===== Records for the exercise =====
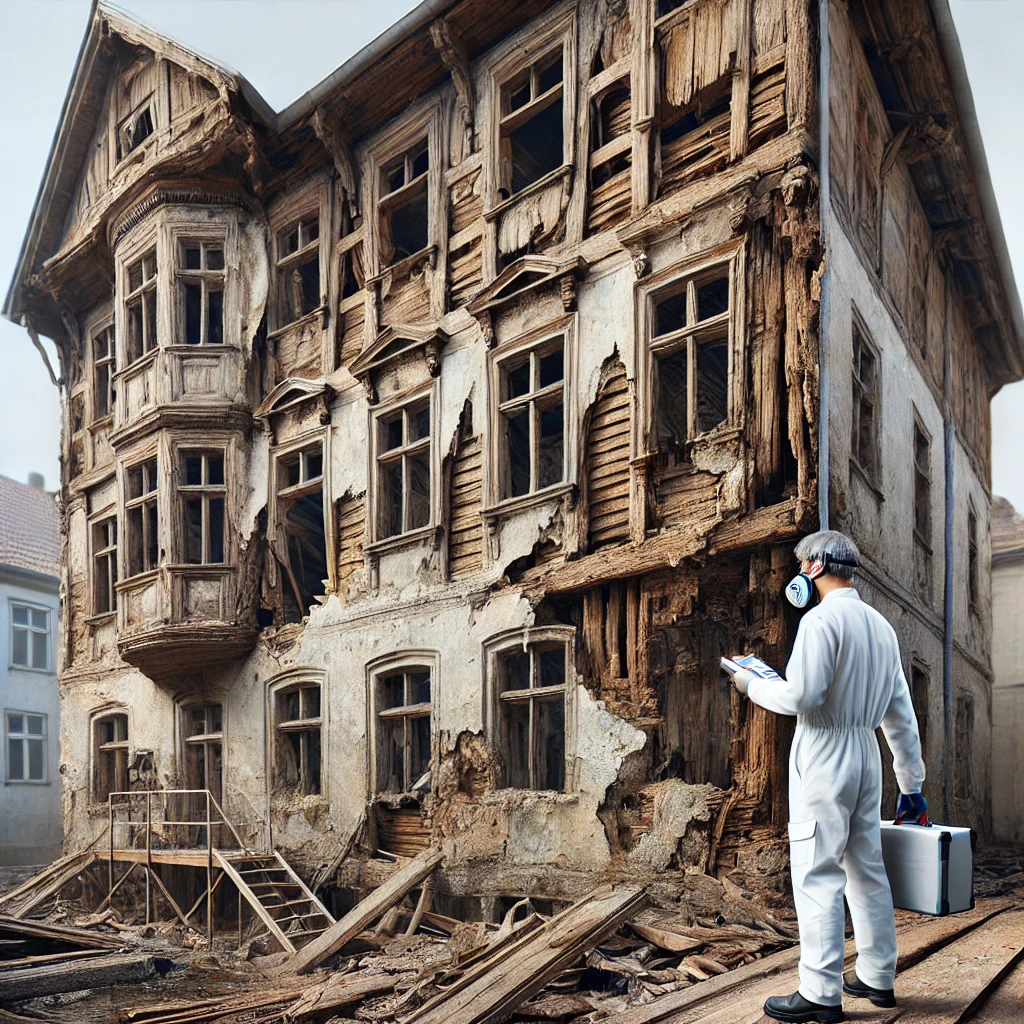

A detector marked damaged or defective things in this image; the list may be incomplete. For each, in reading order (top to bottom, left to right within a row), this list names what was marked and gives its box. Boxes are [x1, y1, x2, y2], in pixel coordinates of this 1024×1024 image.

broken window [116, 104, 153, 161]
broken window [499, 48, 565, 196]
broken window [376, 140, 428, 268]
broken window [92, 323, 114, 419]
broken window [92, 516, 117, 610]
broken window [125, 248, 157, 364]
broken window [126, 456, 158, 577]
broken window [178, 240, 226, 348]
broken window [179, 450, 225, 565]
broken window [276, 216, 319, 323]
broken window [276, 440, 327, 614]
broken window [374, 395, 430, 540]
broken window [497, 337, 569, 497]
broken window [651, 264, 733, 448]
broken window [847, 323, 880, 487]
broken window [962, 501, 978, 610]
broken window [10, 598, 48, 671]
broken window [5, 712, 46, 782]
broken window [93, 712, 129, 798]
broken window [185, 704, 223, 798]
broken window [276, 684, 319, 794]
broken window [374, 659, 430, 794]
broken window [493, 630, 569, 790]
=====
## What to do
Return the material above verbatim, minus the pictures.

## Solution to this task
A detector marked damaged or defective things in this image; the list may be incomplete. For each, in reading order (top to bottom, left to right within a row), this list names what was marked and gives its box. Boxes are [x1, y1, x2, y2], in pixel coordinates of this 1024×1024 image.

broken window [116, 104, 153, 161]
broken window [499, 48, 565, 196]
broken window [376, 140, 428, 268]
broken window [92, 323, 114, 419]
broken window [92, 516, 117, 610]
broken window [125, 248, 157, 364]
broken window [126, 456, 158, 577]
broken window [178, 240, 226, 348]
broken window [179, 450, 225, 565]
broken window [276, 216, 319, 323]
broken window [276, 440, 327, 614]
broken window [374, 395, 430, 540]
broken window [497, 337, 569, 497]
broken window [651, 264, 733, 448]
broken window [847, 323, 880, 487]
broken window [962, 501, 978, 610]
broken window [10, 598, 48, 671]
broken window [5, 712, 46, 782]
broken window [93, 712, 129, 798]
broken window [185, 704, 223, 798]
broken window [276, 684, 319, 794]
broken window [374, 659, 430, 794]
broken window [493, 630, 569, 790]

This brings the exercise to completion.